Iva berjalan menuju halte menunggu bus yang mengantarnya menuju cafe. Beberapa kali Iva memohon pada Maya agar memperbolehkannya memakai sepeda sebagai kendaraan pengantarnya, berkali kali juga Maya menolak. Cafe tutup pukul 22.00 dan Maya tak mau sesuatu terjadi pada Iva jika pulang sendirian di bahayanya kondisi malam hari.Sama seperti penampilannya sehari hari Iva memakai hoodie maroon dan celana hitam panjang, juga headset di telinga. Tak berubah setiap harinya--terkecuali hoodie yang bergantian hitam dan maroon.
Kakinya berjalan ringan, memperhatikan jalan raya yang ramai kapanpun waktunya, termasuk saat ini 14.35.
Berjalan melewati halte, gadis itu menyebrang jalan masuk ke dalam minimarket membeli sebotol minuman dingin untuk melepas dahaga yang tiba tiba datang. Tangannya meraih dua bungkus lolipop kuning, membukanya kemudian memasukkan ke dalam mulut meski beberapa detik yang lalu minuman coklat mengalir melalui tenggorokannya.
Keluar dari minimarket, hampir saja ia berteriak ketakutan mendapati seseorang yang tiba tiba menggenggam lengannya. Jadi setelah melihat siapa pelakunya ia melepas cekalan itu, memandang tajam orang di depannya.
"S.. sorry."
"G.. gue.. " Menggeleng, "Lo mau ke cafe, kan? Bareng aja, gue juga mau ke sana."
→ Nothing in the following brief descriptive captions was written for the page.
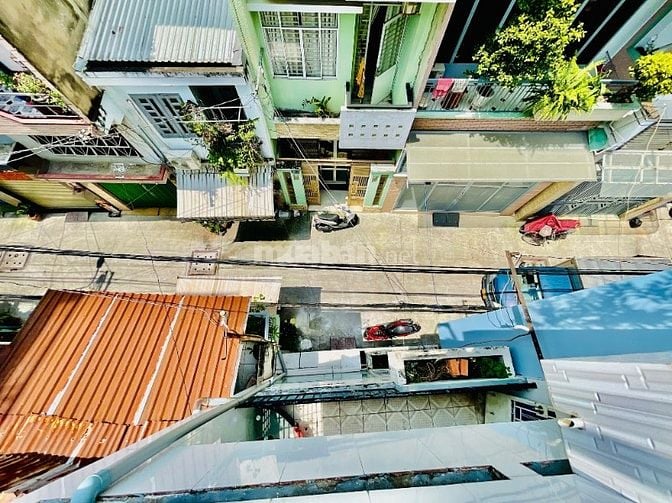 BÁN NHÀ 464/20 HÒA HẢO 5 TẦNG HẺM LỚN SÁT MẶT TIỀN HÒA HẢO 9,9 TỶ HH1%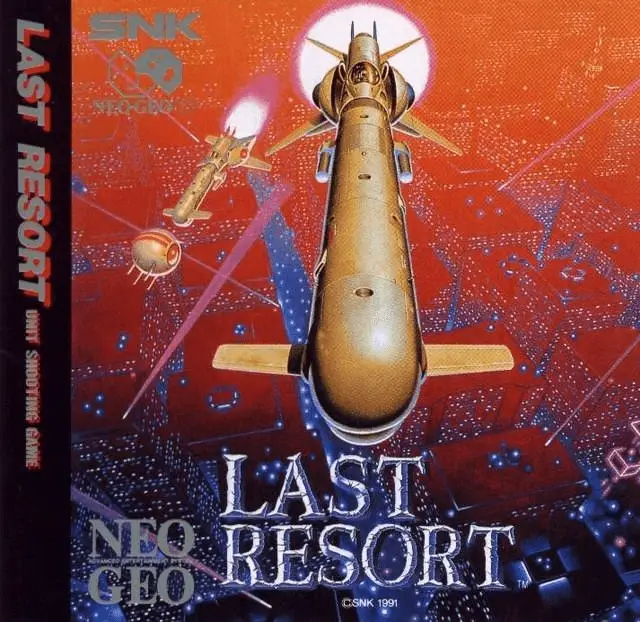 Capa de Last Resort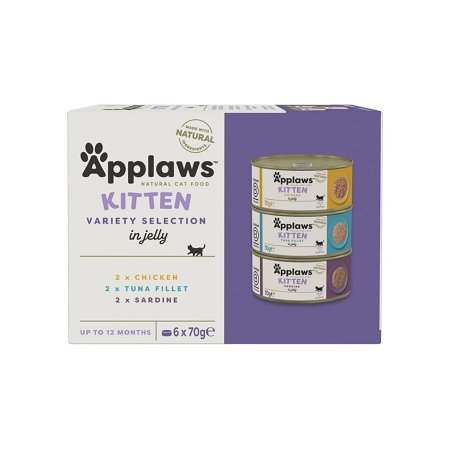Applaws konzerva Cat KITTEN 6x70g MultiPack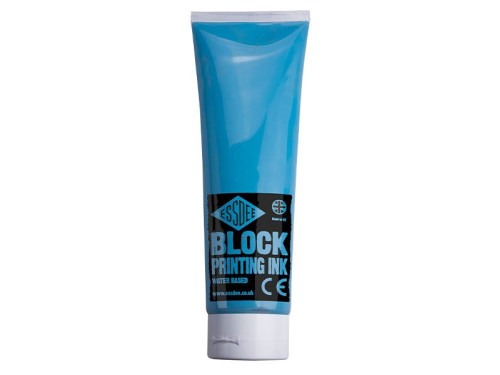 Block Printing Ink - Essdee - Sky Blue, 300 ml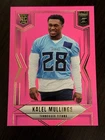 2025 Donruss Elite Football Pink Kalel Mullings #146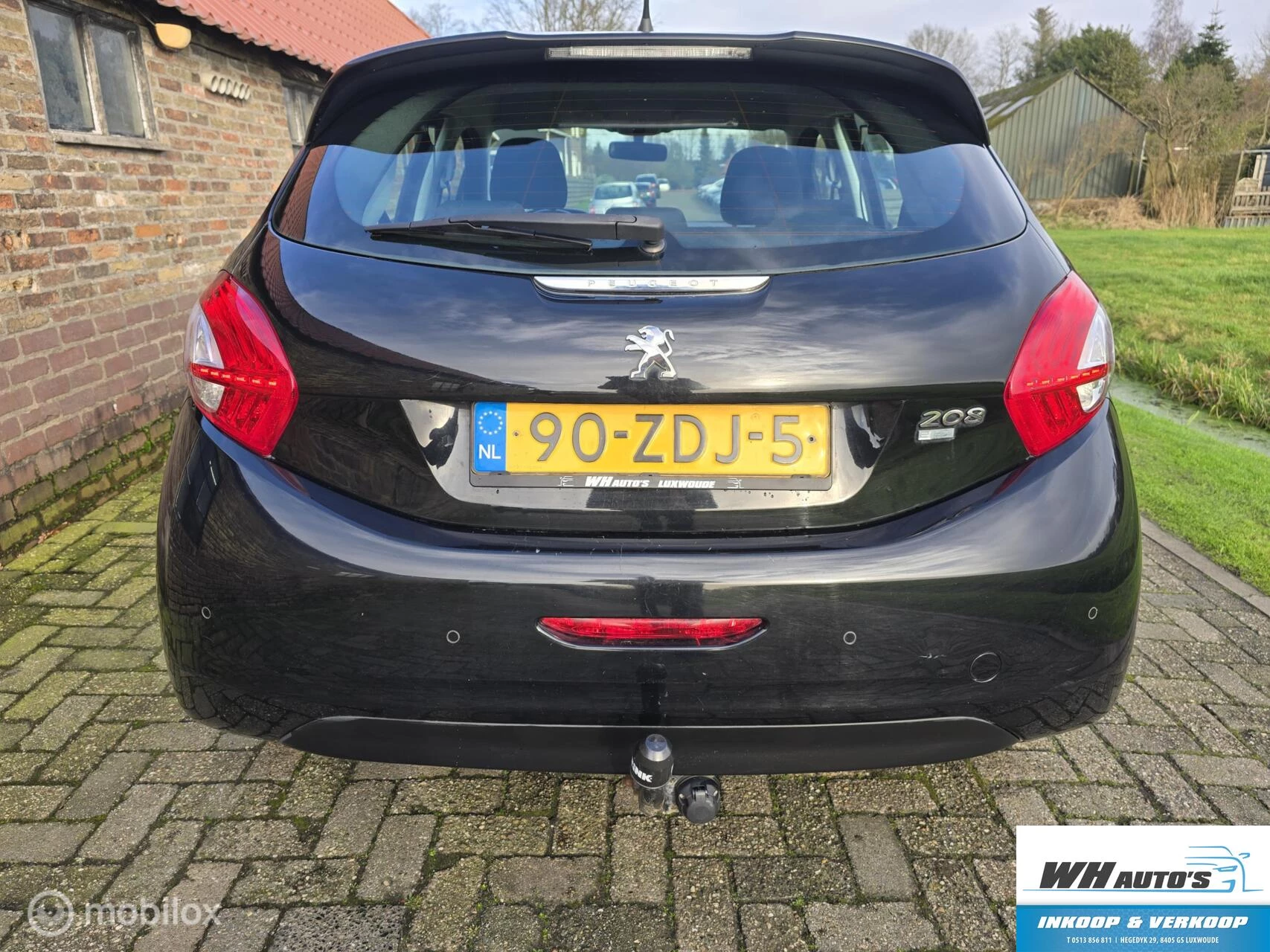 Hoofdafbeelding Peugeot 208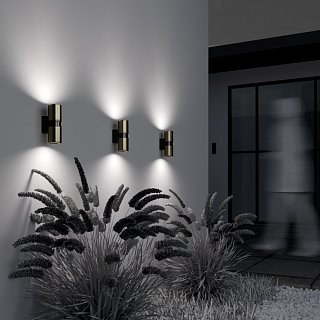 Настенный светильник (бра) Bowery GU10x2 50Вт IP 54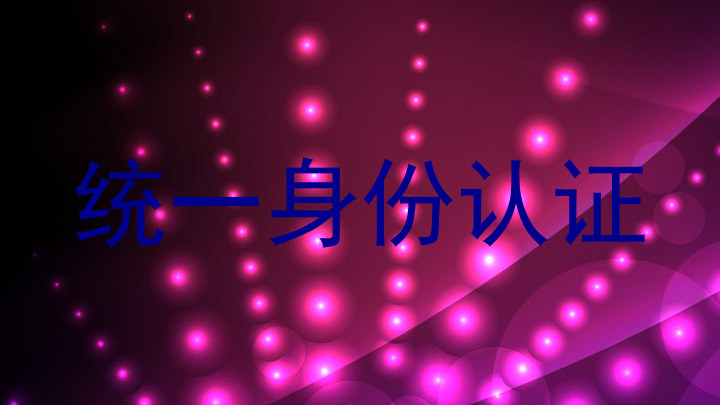 统一身份认证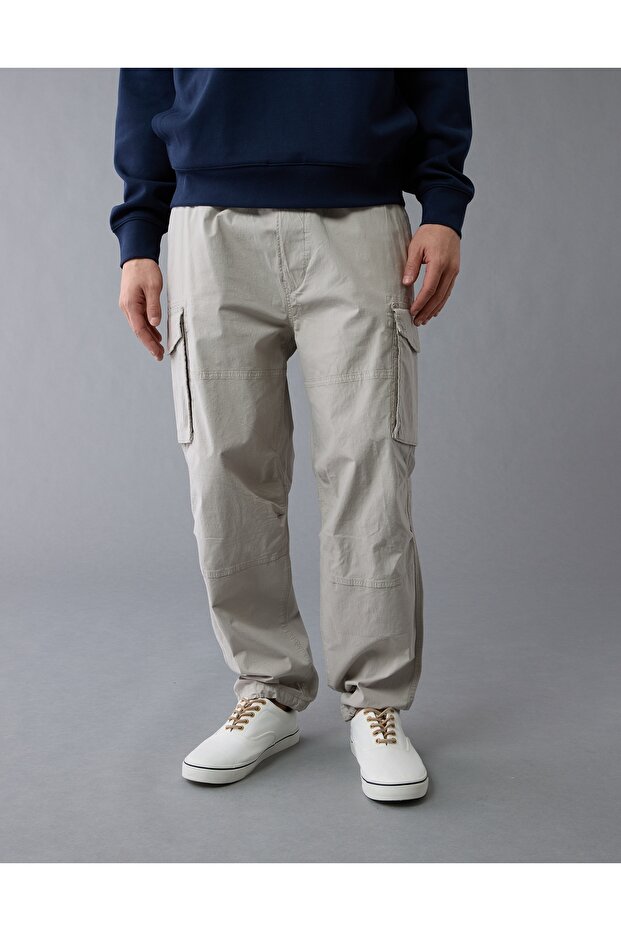 بنطال كارجو مستقيم ومريح من AE Flex - 3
Masih memandang datar, Iva menatap pergerakan tangan Farrel yang menggaruk tengkuknya yang ia yakini tak gatal sama sekali. "Yuk," Kembali menggenggam lengan Iva, kakinya tak kunjung melangkah karena Iva masih berdiam diri ditempatnya.
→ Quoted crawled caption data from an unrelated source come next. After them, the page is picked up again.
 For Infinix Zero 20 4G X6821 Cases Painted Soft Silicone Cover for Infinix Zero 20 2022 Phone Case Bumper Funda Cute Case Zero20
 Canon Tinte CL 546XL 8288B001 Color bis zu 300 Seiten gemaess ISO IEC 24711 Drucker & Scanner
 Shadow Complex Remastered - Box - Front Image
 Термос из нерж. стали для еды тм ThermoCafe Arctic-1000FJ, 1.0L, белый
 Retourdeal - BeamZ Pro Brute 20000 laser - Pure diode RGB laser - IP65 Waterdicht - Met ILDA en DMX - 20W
"Saya bisa pergi sendiri." Melepan cekalan lengannya-lagi, Iva berlari melihat bus yang mendatangi halte di seberang minimarket.
Tin!
Tin tin!
Menoleh, Iva mendapati sebuah mobil hitam melaju cepat menghampirinya. Ia berniat berlari menghindari, namun kakinya tak mau bekerjasama sama sekali. Terasa terpaku dengan mata yang bergerak gelisah. Keringat dingin mulai turun membasahi wajahnya juga bahu yang mulai bergetar ketakutan. Banyak orang yang berteriak memperingati dan itu menambah ketakutan di hati Iva. Perlahan mata Iva terpejam dengan sendirinya.
Aneh.
Mata Iva terbuka perlahan karena tak merasakan tubuhnya yang bergesekkan dengan aspal, atau teriakan para warga yang memanggil ambulans. Menahan napas--plus membuka mulutnya--Iva memandang mata Farrel yang tengah memeluknya. B.. bagaimana mungkin, ia bisa berada dipelukan Farrel?
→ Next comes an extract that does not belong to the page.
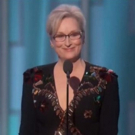 VIDEO: Meryl Streep Receives Cecil B. deMille Award; Watch Moving Acceptance Speech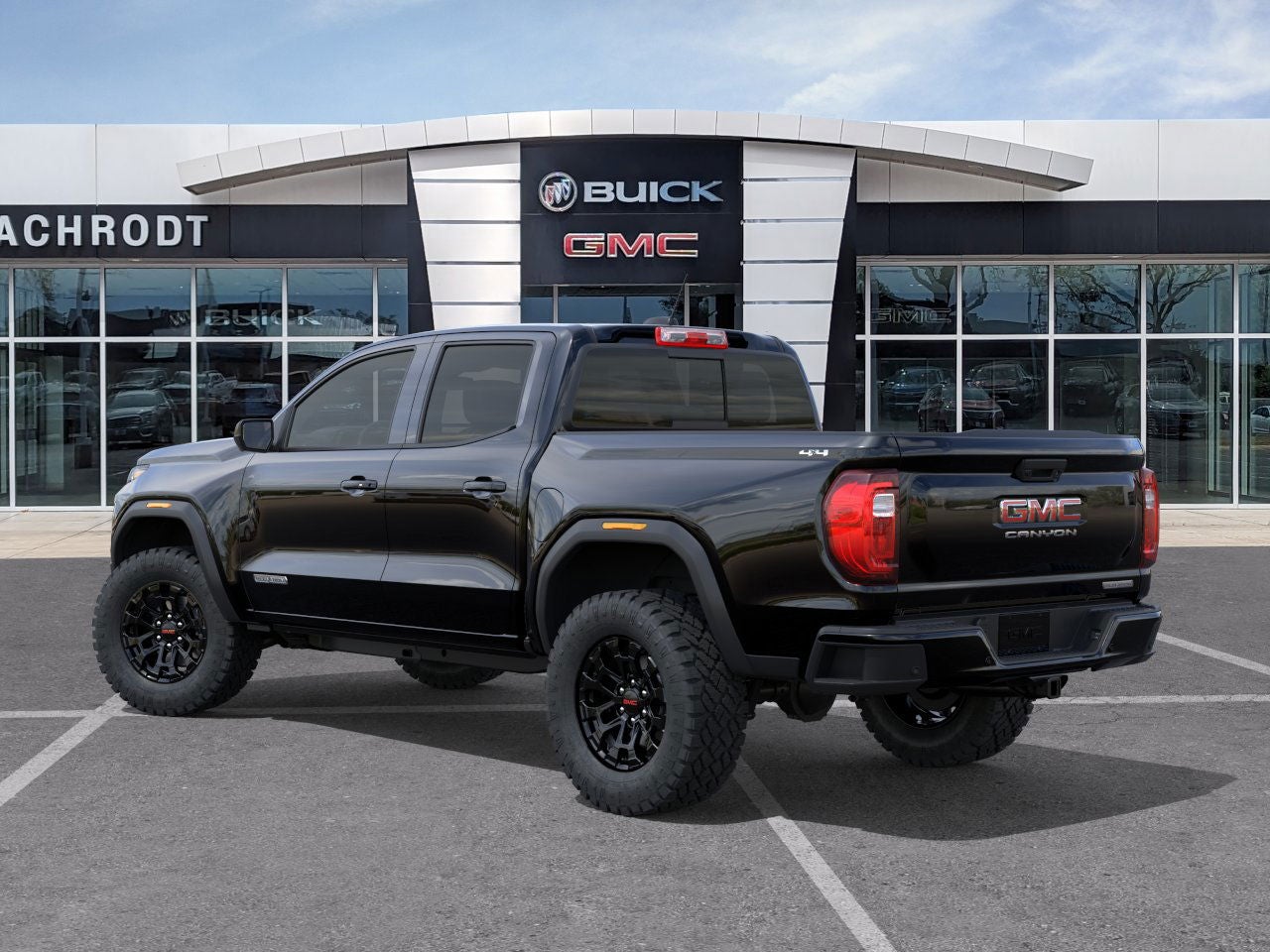 2026 GMC Canyon Elevation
"Ada yang luka nggak?" Tersirat nada kekhawatiran. Farrel melepas pelukan itu, meneliti keadaan tubuh Iva.
"K.. kok b.. bisa?" Tergagap, Iva masih belum paham atas apa yang baru saja terjadi.
"Kenapa lo diem ditengah jalan, hah?! Kalo gue nggak narik lo, sekarang lo udah di IGD tau nggak?"
Berusaha menormalkan detak jantungnya, Iva memandang Farrel yang menatapnya khawatir. "Anterin saya ke cafe. Saya hampir telat." ucapnya walau suaranya terdengar bergetar. Ia berjalan menuju mobil Farrel yang terparkir disamping minimarket meninggalkan Farrel yang membuka mulutnya tak percaya.
Dia.. ngomong.. apa?
Farrel menahan tangan Iva yang hendak membuka pintu mobil. "Lo nggak boleh kayak gini."
Iva mendengarkan.
"Lo nggak takut?"
Mata Iva mulai berkaca kaca. Ia berusaha bertahan agar tidak terlihat lemah di mata orang lain.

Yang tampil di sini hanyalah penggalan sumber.